Mots-clés : liquidation judiciaire • clôture pour insuffisance d’actif • action en responsabilité contre le liquidateur • action tendant à la défense de l’intérêt collectif des créanciers • obligation de reprise de la liquidation judiciaire • nomination obligatoire d’un nouveau liquidateur • irrecevabilité de l’action du débiteur

L’action en responsabilité contre un liquidateur, engagée après clôture de la liquidation judiciaire pour insuffisance d’actif, tendant à la reconstitution du gage commun, présuppose la reprise de la liquidation judiciaire et la nomination d’un nouveau liquidateur. Elle est irrecevable si elle émane du débiteur.


 

Le vieux dicton populaire selon lequel « charité bien ordonnée commence par soi-même » ne fait pas bon ménage avec la défense de l’intérêt collectif des créanciers. C’est pour avoir oublié que l’on ne peut garder pour soi-même le produit d’une action tendant à la défense de l’intérêt collectif des créanciers qu’un débiteur se voit fermer la porte du prétoire, le juge déclarant irrecevable une action en responsabilité engagée contre son ancien liquidateur par ce débiteur après la clôture de sa procédure collective.

En l’espèce, la société I., dirigée par M. O’N., a été mise en redressement judiciaire. Le 28 décembre 1990, la procédure a été convertie en liquidation judiciaire, Me A. étant désigné en qualité de liquidateur.

Un jugement du 29 juillet 1992, confirmé par un arrêt du 1er février 1995, a étendu cette procédure collective à la société P., également dirigée par M. O'N. Par deux ordonnances du 5 décembre 2013, confirmées le 31 mars 2014, M. Le B. a été nommé en qualité de mandataire ad hoc des sociétés I. et P. pour l'exercice de leurs droits propres.

À  la demande de ce mandataire ad hoc, un arrêt du 31 décembre 2014 a prononcé la clôture de la liquidation pour insuffisance d'actif.

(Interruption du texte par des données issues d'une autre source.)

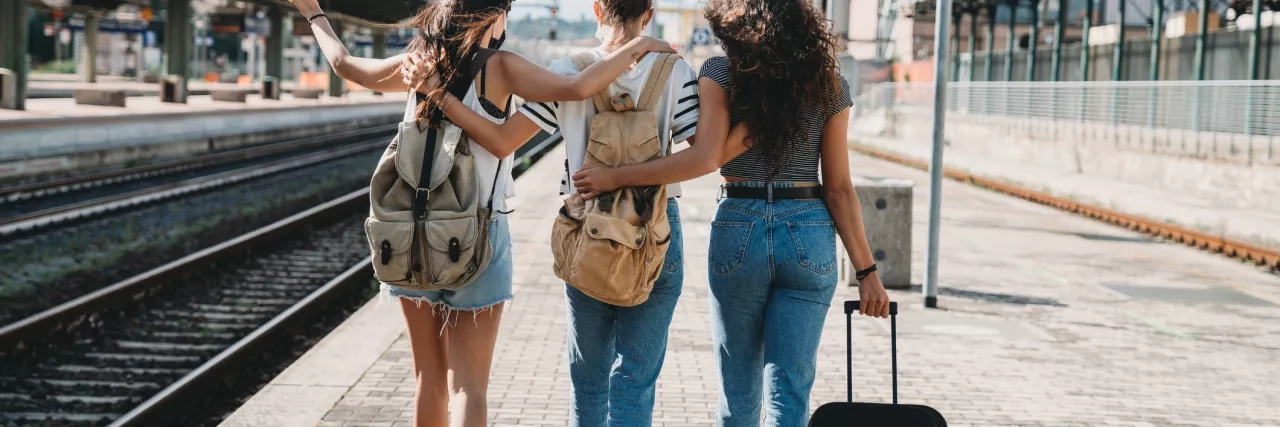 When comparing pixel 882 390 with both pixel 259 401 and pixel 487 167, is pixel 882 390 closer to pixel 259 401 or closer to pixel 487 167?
pixel 259 401

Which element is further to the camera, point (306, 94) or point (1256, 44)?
point (306, 94)

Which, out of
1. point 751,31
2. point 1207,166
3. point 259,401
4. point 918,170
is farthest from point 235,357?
point 918,170

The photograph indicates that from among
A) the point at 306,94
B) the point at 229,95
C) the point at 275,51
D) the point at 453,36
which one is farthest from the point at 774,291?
the point at 306,94

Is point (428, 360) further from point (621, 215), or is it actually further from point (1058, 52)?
point (1058, 52)

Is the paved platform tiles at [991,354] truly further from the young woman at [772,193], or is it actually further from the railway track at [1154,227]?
the young woman at [772,193]

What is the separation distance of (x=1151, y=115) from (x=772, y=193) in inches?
683

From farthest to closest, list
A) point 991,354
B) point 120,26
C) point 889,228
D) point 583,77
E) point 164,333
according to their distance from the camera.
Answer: point 120,26 < point 889,228 < point 164,333 < point 991,354 < point 583,77

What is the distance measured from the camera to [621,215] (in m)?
3.43

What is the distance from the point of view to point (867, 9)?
8756 centimetres

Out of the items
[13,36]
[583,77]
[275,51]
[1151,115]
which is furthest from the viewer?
[275,51]

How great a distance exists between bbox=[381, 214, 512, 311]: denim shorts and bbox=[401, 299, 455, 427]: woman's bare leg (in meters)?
0.06

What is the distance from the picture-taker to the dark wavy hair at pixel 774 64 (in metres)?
3.46

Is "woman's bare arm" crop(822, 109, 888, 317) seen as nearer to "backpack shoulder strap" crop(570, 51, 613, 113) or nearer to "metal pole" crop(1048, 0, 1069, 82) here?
"backpack shoulder strap" crop(570, 51, 613, 113)

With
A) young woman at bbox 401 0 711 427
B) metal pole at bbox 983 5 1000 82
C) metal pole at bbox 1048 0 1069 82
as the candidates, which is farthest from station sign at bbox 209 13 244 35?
young woman at bbox 401 0 711 427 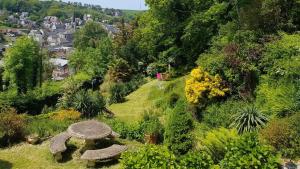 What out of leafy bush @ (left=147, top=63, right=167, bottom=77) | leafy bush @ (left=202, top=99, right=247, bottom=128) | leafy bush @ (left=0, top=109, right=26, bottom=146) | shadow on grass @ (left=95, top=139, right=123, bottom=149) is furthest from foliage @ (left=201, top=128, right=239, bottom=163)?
leafy bush @ (left=147, top=63, right=167, bottom=77)

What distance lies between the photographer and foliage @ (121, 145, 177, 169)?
10363 mm

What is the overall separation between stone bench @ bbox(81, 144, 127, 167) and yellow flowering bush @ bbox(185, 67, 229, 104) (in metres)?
6.00

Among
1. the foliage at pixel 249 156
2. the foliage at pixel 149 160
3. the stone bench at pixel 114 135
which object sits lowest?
the stone bench at pixel 114 135

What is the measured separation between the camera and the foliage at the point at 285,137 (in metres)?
15.1

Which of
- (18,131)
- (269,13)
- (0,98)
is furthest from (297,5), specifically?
(0,98)

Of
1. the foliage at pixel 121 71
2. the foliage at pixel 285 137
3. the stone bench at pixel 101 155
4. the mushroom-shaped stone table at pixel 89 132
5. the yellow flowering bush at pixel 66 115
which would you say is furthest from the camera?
the foliage at pixel 121 71

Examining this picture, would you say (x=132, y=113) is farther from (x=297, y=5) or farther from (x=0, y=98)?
(x=297, y=5)

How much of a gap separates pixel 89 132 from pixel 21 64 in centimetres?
3026

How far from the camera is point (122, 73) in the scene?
42.1 meters

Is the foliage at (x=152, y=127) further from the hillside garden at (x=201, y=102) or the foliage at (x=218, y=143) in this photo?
the foliage at (x=218, y=143)

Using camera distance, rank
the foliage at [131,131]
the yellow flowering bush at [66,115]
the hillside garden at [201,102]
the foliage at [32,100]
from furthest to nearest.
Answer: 1. the foliage at [32,100]
2. the yellow flowering bush at [66,115]
3. the foliage at [131,131]
4. the hillside garden at [201,102]

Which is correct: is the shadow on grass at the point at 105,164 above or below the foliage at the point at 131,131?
below

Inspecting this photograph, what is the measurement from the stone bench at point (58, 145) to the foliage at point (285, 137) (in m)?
8.95

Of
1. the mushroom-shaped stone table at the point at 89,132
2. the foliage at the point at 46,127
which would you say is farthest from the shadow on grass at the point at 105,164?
the foliage at the point at 46,127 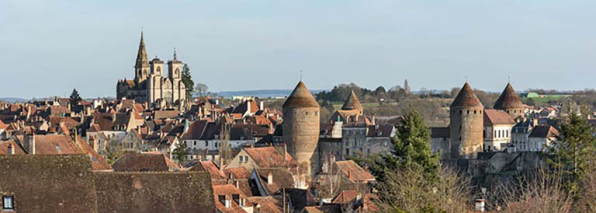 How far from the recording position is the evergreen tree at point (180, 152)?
81.3 meters

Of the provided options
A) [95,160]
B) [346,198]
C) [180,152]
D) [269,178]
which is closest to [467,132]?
[180,152]

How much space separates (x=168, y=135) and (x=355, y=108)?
19.6m

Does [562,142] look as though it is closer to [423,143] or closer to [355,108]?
[423,143]

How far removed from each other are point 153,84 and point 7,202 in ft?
373

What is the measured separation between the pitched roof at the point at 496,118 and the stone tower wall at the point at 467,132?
16.0ft

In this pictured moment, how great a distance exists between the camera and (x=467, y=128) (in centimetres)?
8019

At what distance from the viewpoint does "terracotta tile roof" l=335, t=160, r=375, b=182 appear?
5912cm

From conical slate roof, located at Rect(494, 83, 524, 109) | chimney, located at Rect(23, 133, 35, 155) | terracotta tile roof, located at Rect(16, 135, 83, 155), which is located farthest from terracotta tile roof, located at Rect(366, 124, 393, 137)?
chimney, located at Rect(23, 133, 35, 155)

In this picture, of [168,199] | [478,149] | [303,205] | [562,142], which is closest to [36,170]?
[168,199]

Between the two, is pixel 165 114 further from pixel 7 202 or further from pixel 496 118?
pixel 7 202

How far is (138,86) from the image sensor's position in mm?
146750

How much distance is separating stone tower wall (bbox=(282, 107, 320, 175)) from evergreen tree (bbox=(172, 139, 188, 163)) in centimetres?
714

Une ordonnance du 24 mars 2017 a désigné M. V. en qualité de mandataire ad hoc avec la mission de représenter les intérêts de la société P. en justice après la clôture de sa liquidation « et, plus généralement, de prendre toutes dispositions pour préserver les droits de cette société et faire en sorte que la liquidation statutaire de la société soit conforme aux règles en vigueur ».

Imputant à Me A., liquidateur judiciaire, des fautes dans sa gestion de la liquidation judiciaire, M. V., ès qualité de mandataire ad hoc, l'a assigné le 31 juillet 2017, ainsi que son assureur, la société Mutuelle du Mans assurances IARD (MMA IARD), en responsabilité civile personnelle afin d'obtenir la réparation du préjudice correspondant à l'actif social existant avant le jugement d'ouverture et perdu en raison des fautes alléguées.

Les juges du fond [1]ont déclaré irrecevable pour plusieurs motifs l’action en responsabilité engagée par le mandataire ad hoc représentant le débiteur, une société.

La société s’est, par l’intermédiaire de son mandataire ad hoc, pourvue en cassation. Elle ne va pas davantage obtenir gain de cause, son action étant jugée irrecevable.

La Cour de cassation, pour rejeter le pourvoi, va commencer par énoncer le principe selon lequel « L'action en responsabilité contre le liquidateur, après clôture de la procédure pour insuffisance d'actif, est soumise à la reprise préalable des opérations de liquidation judiciaire dans les conditions de l'article L. 643-13 du Code de commerce N° Lexbase : L3104I4Q, lorsqu'elle tend à la réparation d'un préjudice qui n'est pas distinct de celui subi par l'ensemble des créanciers de la procédure collective. L'action en responsabilité, qui tend à la reconstitution du gage commun des créanciers, ne peut donc être exercée que par un nouveau liquidateur, désigné dans les conditions de l'article L. 643-13 précité, qui a seul qualité pour agir dans l'intérêt collectif des créanciers ».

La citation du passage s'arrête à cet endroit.